Start of RECORDS FOR THE EXERCISE
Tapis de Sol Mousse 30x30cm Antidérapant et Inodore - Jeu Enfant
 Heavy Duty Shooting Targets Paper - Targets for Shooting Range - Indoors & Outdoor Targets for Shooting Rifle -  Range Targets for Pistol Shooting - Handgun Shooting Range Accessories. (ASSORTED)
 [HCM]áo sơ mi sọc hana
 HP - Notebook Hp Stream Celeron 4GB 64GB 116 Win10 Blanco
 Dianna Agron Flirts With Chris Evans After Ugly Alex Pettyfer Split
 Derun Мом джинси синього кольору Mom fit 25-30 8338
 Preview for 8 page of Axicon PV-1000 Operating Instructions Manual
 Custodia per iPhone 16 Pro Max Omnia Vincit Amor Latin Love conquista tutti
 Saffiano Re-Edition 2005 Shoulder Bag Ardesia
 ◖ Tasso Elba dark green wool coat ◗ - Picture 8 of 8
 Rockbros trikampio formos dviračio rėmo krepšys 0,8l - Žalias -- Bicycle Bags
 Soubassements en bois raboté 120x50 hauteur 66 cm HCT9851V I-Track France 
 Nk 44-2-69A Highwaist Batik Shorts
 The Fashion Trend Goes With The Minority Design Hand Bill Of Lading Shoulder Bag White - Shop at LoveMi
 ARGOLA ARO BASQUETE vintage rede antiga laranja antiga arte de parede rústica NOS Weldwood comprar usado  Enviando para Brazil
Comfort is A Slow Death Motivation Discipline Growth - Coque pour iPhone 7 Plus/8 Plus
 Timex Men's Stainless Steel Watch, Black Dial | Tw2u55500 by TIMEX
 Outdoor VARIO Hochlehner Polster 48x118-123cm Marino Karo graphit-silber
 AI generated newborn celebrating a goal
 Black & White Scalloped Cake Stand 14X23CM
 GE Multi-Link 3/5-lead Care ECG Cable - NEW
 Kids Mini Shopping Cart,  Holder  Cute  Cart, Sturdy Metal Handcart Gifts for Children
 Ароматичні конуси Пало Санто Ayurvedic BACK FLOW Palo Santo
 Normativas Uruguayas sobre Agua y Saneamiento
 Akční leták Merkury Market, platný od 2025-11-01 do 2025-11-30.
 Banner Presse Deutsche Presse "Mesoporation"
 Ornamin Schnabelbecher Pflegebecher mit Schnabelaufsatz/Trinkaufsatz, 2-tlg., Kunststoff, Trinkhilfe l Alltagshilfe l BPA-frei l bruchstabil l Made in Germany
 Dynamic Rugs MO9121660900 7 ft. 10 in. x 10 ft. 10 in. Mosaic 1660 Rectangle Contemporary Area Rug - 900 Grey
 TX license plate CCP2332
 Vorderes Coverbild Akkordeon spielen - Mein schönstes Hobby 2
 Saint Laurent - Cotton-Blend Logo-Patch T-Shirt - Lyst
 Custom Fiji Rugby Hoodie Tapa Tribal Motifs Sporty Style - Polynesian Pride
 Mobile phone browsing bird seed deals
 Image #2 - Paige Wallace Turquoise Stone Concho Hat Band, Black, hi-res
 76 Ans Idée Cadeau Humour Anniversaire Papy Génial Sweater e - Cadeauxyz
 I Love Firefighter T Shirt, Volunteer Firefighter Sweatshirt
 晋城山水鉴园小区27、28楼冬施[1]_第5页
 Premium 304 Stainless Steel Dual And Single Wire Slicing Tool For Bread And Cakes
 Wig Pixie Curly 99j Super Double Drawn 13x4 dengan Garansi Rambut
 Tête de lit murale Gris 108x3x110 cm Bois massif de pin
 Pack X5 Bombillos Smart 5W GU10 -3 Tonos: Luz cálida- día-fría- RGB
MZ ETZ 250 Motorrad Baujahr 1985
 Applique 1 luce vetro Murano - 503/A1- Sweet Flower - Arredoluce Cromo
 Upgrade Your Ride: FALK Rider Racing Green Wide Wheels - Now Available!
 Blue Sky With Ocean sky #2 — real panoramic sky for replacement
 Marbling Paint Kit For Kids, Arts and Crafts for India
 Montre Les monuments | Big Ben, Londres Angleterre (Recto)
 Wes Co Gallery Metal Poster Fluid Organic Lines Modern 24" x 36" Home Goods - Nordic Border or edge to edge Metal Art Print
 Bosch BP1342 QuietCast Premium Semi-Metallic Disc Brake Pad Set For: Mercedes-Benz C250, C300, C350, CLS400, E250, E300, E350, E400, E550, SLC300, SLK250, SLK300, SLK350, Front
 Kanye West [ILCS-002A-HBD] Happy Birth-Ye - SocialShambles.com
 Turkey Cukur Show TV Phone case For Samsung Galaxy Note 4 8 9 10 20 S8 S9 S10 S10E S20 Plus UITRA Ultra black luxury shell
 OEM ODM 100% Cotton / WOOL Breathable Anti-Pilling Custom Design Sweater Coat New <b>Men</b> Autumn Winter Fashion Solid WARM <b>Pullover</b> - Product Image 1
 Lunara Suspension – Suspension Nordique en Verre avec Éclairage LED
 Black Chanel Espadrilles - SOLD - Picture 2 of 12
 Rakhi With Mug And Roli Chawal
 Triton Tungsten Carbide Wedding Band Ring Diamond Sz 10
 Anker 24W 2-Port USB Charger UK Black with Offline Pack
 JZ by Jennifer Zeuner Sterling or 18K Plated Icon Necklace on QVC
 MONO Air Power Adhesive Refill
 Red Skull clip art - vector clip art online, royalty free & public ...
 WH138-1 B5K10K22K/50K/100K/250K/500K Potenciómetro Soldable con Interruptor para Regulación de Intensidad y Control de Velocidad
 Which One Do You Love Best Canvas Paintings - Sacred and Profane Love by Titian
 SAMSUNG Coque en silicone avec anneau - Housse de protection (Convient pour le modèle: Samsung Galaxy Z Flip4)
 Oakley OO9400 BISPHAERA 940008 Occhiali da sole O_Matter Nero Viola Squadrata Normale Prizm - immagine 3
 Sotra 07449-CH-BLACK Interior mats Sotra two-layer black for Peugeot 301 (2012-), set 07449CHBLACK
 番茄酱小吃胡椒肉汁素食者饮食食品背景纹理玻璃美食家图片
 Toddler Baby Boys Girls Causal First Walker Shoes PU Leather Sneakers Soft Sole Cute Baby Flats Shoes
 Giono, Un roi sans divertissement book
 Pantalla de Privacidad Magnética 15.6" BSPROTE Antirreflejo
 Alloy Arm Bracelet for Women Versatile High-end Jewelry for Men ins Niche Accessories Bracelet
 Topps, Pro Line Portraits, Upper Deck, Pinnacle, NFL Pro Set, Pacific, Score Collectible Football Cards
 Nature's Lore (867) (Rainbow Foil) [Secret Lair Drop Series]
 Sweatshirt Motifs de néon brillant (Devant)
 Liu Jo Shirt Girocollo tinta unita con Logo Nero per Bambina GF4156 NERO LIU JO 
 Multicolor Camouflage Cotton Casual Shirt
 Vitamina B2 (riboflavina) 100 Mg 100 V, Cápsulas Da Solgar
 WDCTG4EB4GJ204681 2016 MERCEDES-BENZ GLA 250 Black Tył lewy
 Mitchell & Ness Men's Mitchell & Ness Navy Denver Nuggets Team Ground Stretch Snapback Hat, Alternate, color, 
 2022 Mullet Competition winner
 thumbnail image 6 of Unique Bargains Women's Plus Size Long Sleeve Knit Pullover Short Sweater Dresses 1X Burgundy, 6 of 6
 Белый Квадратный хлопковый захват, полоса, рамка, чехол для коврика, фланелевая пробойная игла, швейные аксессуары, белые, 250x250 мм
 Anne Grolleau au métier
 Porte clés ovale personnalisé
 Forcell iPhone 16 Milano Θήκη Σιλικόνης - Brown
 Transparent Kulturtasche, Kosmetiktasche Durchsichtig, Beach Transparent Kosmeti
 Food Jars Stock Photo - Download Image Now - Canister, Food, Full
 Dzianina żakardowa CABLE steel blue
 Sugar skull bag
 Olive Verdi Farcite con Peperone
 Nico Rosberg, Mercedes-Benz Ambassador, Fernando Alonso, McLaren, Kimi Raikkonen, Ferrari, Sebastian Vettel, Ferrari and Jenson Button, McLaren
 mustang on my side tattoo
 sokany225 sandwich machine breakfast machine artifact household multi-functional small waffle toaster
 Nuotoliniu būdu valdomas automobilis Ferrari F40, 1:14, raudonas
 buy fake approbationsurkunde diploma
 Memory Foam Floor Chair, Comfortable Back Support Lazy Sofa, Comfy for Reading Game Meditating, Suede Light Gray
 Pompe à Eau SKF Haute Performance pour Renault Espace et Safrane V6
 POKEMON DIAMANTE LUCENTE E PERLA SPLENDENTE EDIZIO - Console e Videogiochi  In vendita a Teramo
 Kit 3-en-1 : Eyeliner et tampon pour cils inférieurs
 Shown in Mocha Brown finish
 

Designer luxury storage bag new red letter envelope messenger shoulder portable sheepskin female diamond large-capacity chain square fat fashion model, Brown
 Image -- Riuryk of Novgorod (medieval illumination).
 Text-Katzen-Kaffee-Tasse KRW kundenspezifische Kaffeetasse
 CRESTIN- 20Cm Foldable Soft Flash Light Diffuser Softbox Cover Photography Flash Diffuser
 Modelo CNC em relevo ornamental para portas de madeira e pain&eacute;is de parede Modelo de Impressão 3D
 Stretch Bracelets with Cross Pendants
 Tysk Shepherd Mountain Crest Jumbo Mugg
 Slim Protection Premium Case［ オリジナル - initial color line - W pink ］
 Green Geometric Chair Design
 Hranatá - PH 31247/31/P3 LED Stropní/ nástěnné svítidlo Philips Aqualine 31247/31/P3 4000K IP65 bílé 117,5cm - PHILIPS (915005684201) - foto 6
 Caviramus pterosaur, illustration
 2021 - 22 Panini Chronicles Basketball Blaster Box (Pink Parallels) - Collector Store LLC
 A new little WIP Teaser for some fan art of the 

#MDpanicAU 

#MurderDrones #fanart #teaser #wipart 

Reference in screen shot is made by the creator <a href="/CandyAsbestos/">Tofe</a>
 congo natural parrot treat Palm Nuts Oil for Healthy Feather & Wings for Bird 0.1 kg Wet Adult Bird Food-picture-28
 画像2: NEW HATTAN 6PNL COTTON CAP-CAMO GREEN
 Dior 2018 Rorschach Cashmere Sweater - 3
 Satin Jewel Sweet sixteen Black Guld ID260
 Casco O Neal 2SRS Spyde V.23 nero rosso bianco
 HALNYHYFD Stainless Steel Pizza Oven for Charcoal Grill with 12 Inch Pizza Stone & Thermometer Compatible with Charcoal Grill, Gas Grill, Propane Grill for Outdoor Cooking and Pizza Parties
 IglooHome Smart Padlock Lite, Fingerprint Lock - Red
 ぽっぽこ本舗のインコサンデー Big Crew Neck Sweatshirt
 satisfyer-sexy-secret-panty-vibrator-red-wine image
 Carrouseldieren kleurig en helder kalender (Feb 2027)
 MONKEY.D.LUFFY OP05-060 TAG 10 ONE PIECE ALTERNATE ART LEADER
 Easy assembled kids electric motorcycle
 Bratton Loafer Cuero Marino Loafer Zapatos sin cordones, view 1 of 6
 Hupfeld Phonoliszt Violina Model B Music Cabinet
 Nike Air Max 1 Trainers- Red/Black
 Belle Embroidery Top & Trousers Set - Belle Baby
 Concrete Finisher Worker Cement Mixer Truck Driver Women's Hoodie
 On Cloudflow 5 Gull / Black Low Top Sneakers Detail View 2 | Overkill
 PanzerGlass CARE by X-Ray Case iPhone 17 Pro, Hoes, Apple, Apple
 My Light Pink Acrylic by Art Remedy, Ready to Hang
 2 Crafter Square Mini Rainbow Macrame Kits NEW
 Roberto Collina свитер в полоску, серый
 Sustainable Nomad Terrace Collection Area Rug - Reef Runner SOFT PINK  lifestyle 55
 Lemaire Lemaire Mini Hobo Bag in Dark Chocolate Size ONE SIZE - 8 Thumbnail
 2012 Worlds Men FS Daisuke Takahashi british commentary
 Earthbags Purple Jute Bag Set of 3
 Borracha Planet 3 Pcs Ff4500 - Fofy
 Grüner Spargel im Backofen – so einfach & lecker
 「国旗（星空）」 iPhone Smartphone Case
End of RECORDS FOR THE EXERCISE
TASK PROMPT:
Set down, from the entries above, exactly the lines from the one with "Saffiano Re-Edition 2005" up to and including the one with "The Fashion Trend", and no other lines.

EXERCISE ANSWER:
 Saffiano Re-Edition 2005 Shoulder Bag Ardesia
 ◖ Tasso Elba dark green wool coat ◗ - Picture 8 of 8
 Rockbros trikampio formos dviračio rėmo krepšys 0,8l - Žalias -- Bicycle Bags
 Soubassements en bois raboté 120x50 hauteur 66 cm HCT9851V I-Track France 
 Nk 44-2-69A Highwaist Batik Shorts
 The Fashion Trend Goes With The Minority Design Hand Bill Of Lading Shoulder Bag White - Shop at LoveMi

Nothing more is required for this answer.